Exercise details: Note each line of the listing that contains the string "Picture", and copy it.

Data shown:

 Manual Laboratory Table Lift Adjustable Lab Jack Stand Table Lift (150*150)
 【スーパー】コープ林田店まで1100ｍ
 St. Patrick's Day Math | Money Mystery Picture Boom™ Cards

...

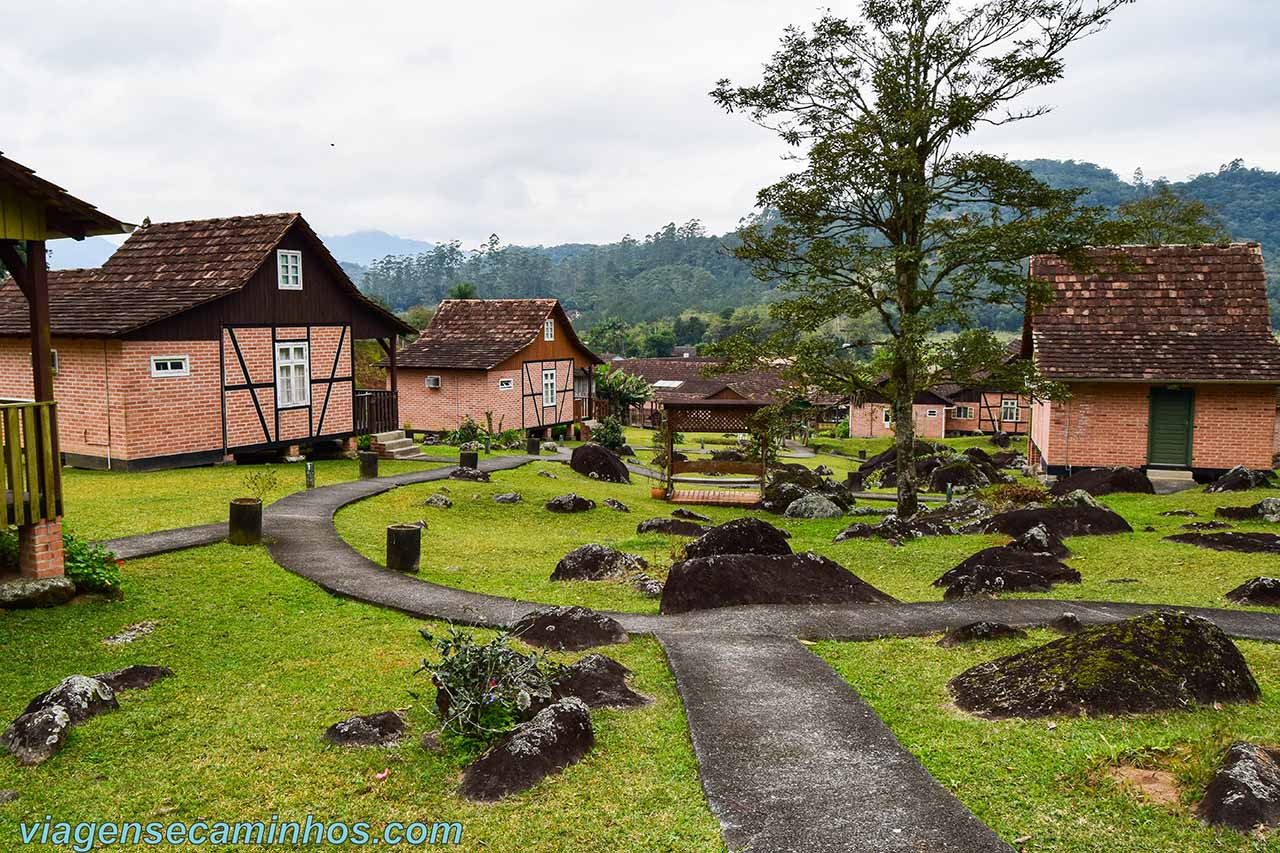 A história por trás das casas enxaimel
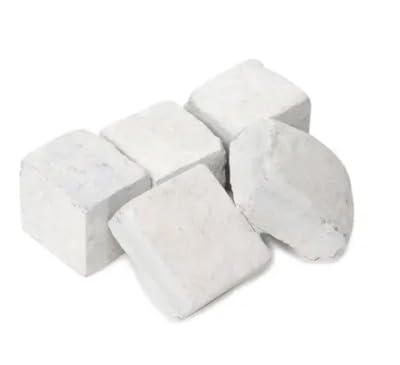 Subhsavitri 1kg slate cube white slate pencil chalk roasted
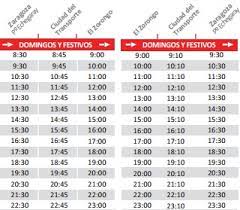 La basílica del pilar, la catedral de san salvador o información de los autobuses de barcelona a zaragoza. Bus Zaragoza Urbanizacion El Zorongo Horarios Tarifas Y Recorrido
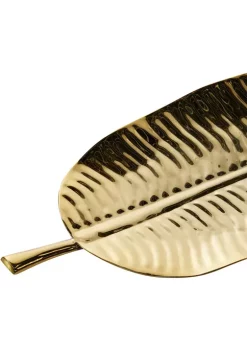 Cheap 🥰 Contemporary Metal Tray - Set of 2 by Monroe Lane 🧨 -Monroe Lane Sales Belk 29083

...

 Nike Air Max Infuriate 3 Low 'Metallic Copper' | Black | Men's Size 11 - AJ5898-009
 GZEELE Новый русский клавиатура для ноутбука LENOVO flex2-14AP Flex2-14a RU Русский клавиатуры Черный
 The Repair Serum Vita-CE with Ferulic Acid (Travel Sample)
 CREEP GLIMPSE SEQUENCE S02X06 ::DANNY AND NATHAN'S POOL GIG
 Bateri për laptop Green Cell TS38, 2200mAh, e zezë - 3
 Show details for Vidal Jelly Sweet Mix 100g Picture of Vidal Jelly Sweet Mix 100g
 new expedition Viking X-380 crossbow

Final answer:
 St. Patrick's Day Math | Money Mystery Picture Boom™ Cards
 Show details for Vidal Jelly Sweet Mix 100g Picture of Vidal Jelly Sweet Mix 100g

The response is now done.